In this chapter, we'll explore how to use the sentence_transformers library to generate embeddings for chunks of text. After that, we'll delve into how you can use scikit-learn's Nearest Neighbors module to find similar text chunks based on their embeddings.

Extracting Embeddings using Sentence Transformers ====

The `sentence_transformers`` library provides an easy and efficient way to convert sentences into embeddings.

Setting up:


from sentence_transformers import SentenceTransformer

model = SentenceTransformer('all-MiniLM-L6-v2')

Here, we've initialized a Sentence Transformer model called all-MiniLM-L6-v2. There are various models available, and you can choose the one that best suits your requirements.

Embedding Extraction:


embeddings = model.encode(chunk_text)

The encode method takes a chunk of text and returns its embedding. This embedding can be saved for future use.

Using Scikit-Learn's Nearest Neighbors for Similarity Search ====

Before diving into Nearest Neighbors, let's understand the purpose.

Given a chunk of text, you might want to find other text chunks that are semantically similar to it.
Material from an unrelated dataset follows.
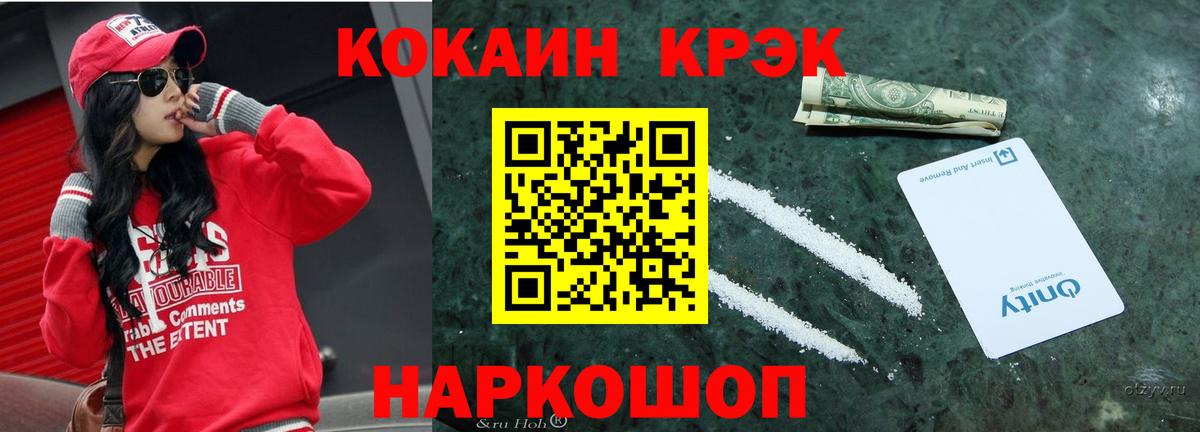 КОКАИН  COCAIN Columbia  Вход с VPN  Cocaine 98%  Армавир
This is where the Nearest Neighbors algorithm comes into play.

Setting up:

To use the Nearest Neighbors module, first, you need to install and import it:


from sklearn.neighbors import NearestNeighbors


# Assuming embeddings_list holds all the embeddings
X = [item[1] for item in embeddings_list]

nbrs = NearestNeighbors(n_neighbors=5, algorithm='ball_tree').fit(X)
# Here, the model will return the five most similar text chunks when queried.
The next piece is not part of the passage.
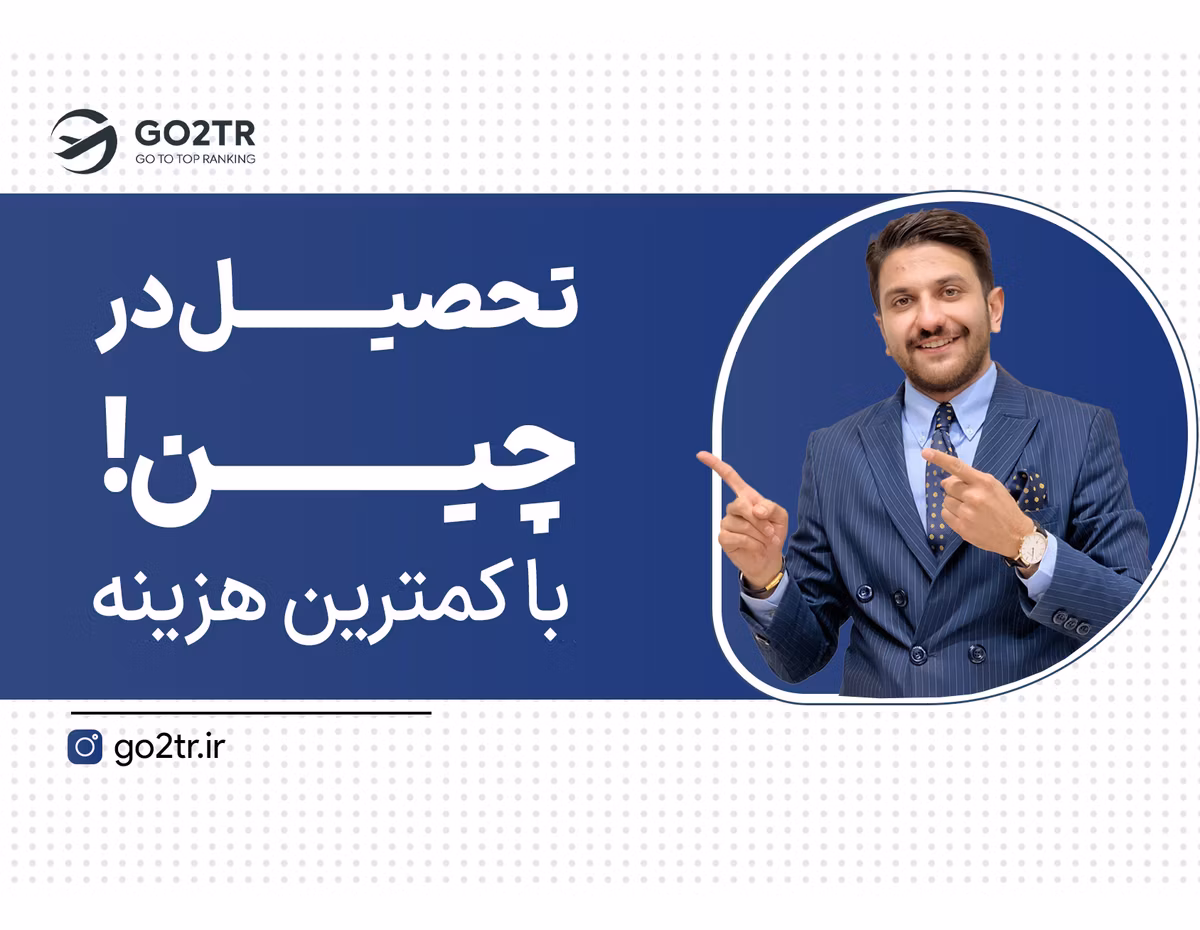 ۱ ماهه مهاجرت کن!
#To find text chunks similar to a given chunk:


distances, indices = nbrs.kneighbors([model.encode("Your input text here")])
# This will give you the indices of the text chunks that are most similar to the input text.

Putting it all together:



import sqlite3
import pickle
from sentence_transformers import SentenceTransformer
from sklearn.neighbors import NearestNeighbors

# 1. Read the text chunks from the SQLite database

# Connect to the SQLite database
conn = sqlite3.connect('../chunks.db')
cursor = conn.cursor()

# Select all rows from the pdf_chunks table
# We will sample the first 100 for the class
cursor.execute("SELECT chunk_id, chunk_text FROM pdf_chunks limit 100")
rows = cursor.fetchall()

conn.close()

# 2. Convert these chunks into embeddings

model = SentenceTransformer('all-MiniLM-L6-v2')

embeddings_list = []

for row in rows:
    chunk_id = row[0]
    chunk_text = row[1]
    embeddings = model.encode(str(chunk_text))
    embeddings_list.append((chunk_id, chunk_text, embeddings))
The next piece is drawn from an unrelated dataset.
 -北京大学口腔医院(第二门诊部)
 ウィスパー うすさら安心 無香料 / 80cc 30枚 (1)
# For the sake of the example, let's save the embeddings to a file (optional)
with open('embeddings.pkl', 'wb') as f:
    pickle.dump(embeddings_list, f)

# 3. Use scikit-learn's Nearest Neighbors to search for similar chunks

# First build the model
X = [item[2] for item in embeddings_list]
nbrs = NearestNeighbors(n_neighbors=5, algorithm='ball_tree').fit(X)

# Function to search for similar text chunks
def find_similar_chunks(input_text):
    distances, indices = nbrs.kneighbors([model.encode(input_text)])
    return [embeddings_list[i] for i in indices[0]]
    

# Test
input_chunk = "prompting techniques"
similar_chunks = find_similar_chunks(input_chunk)
print("Text chunks similar to:", input_chunk)
for chunk in similar_chunks:
    print(chunk[1])

Conclusion

Text embeddings have revolutionized the way we handle and process textual data.

By converting text into numerical form, not only can we better understand the semantic meaning behind words and sentences, but we can also apply machine learning algorithms to derive insights, group similar content, and more.